Los niveles de desinterés en estas elecciones han llegado a grados extremos. Esto tiene que ver con varios aspectos relacionados. En primer lugar, un proceso electoral después de el del 2021 encuentra a un electorado cansado, con representantes elegidos que, desde el primer mes, fueron reprobados por una ciudadanía tantas veces desengañada, decepcionada y, a su vez, sin expectativas de que las cosas cambien para mejor.
A esto hay que agregarle la prohibición de la reelección de autoridades regionales y locales (instaurada en el 2014), cuyos efectos perniciosos los vemos desde la elección anterior. Las buenas autoridades deben dejar sus cargos a los cuatro años, abriendo las puertas a una larga fila de políticos inexpertos con débiles o interesadas relaciones con los partidos o movimientos regionales. Políticos, muchos de ellos, con dudosos antecedentes, cuando no sentenciados o procesados, en una dinámica de cambio de partidos que hace que pocos candidatos permanezcan en una sola organización, salvo excepciones.
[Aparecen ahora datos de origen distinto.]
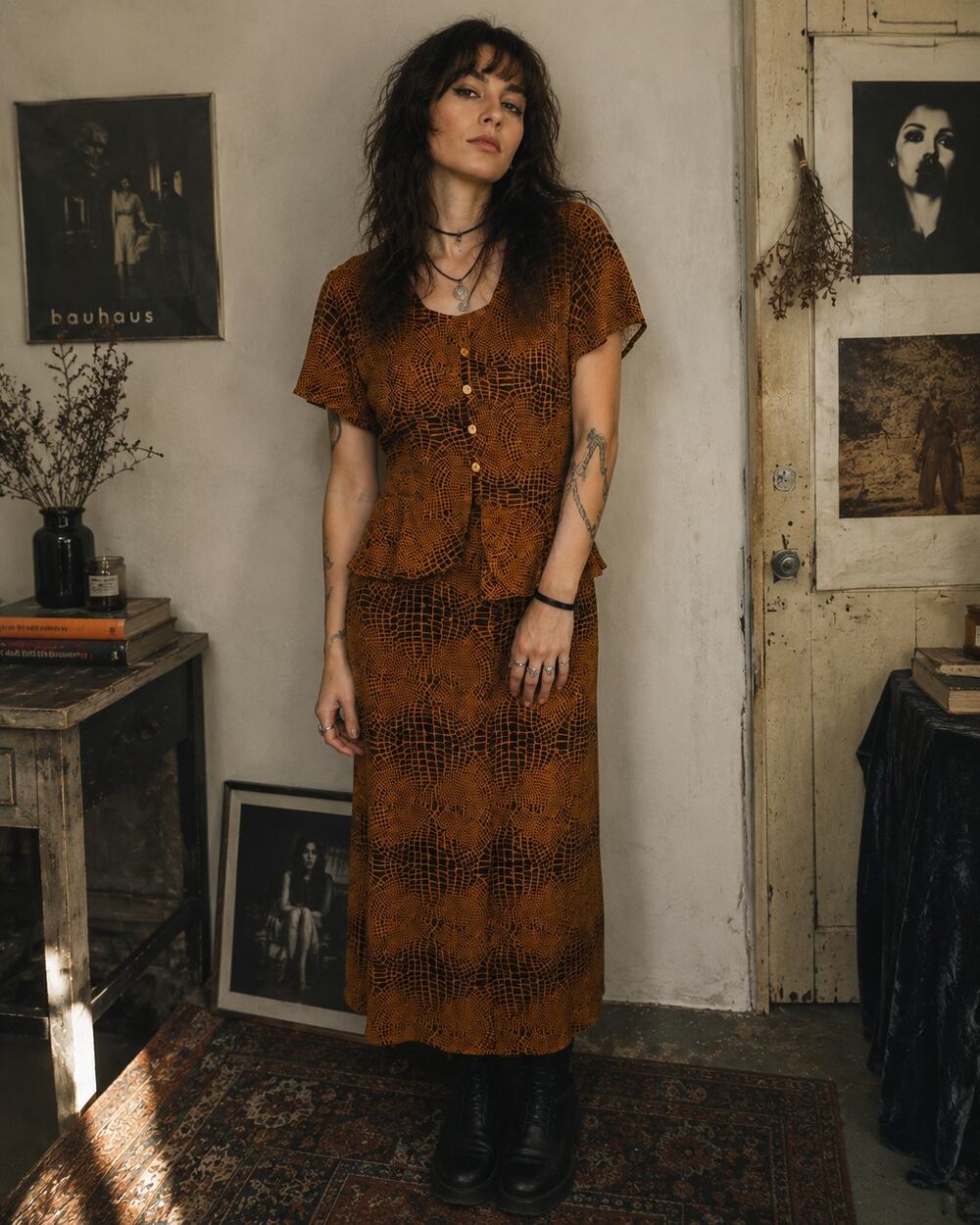 VNT Sag Harbor Dress Jacket Outfit 8 Brown Snake Print Peplum Witchy 90s  Grunge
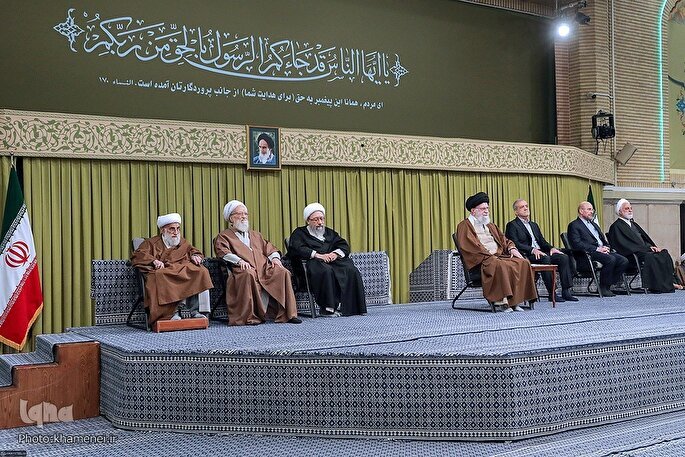 Leader of the Islamic Revolution Ayatollah Seyed Ali Khamenei delivered a speech in Tehran on the auspicious anniversary of Eid al-Mab'ath on January 28, 2025.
De esta manera, la relación de los candidatos con las organizaciones políticas es laxa, débil y, en gran porcentaje, desaparece luego de terminada la elección, para dar paso a una autoridad sin control, altamente personalizada.
En términos de la campaña electoral a nivel municipal, esta es ahora básicamente territorial, pues a partir de este proceso los partidos no pueden comprar espacios en medios de comunicación. La franja electoral que ofrece el Estado solo financia a los que compiten a nivel regional; es decir, los candidatos deben desarrollar todos sus esfuerzos con recursos privados, lo que los hace vulnerables ante los que financian campañas para beneficios –en muchos casos– mercantilistas o mafiosos. Se trata de organizaciones políticas que, salvo para el caso de sus líderes o dueños, no sostienen financieramente las campañas de sus candidatos. De tal forma que la gran mayoría de los más de 83 mil candidatos tiene que proveerse sus propios recursos, cosa que solo un puñado de ellos puede. Esto, debido a que los aparatos partidarios son débiles e informales –no las portátiles personalistas– y, por eso, las calles y plazas están más que desiertas.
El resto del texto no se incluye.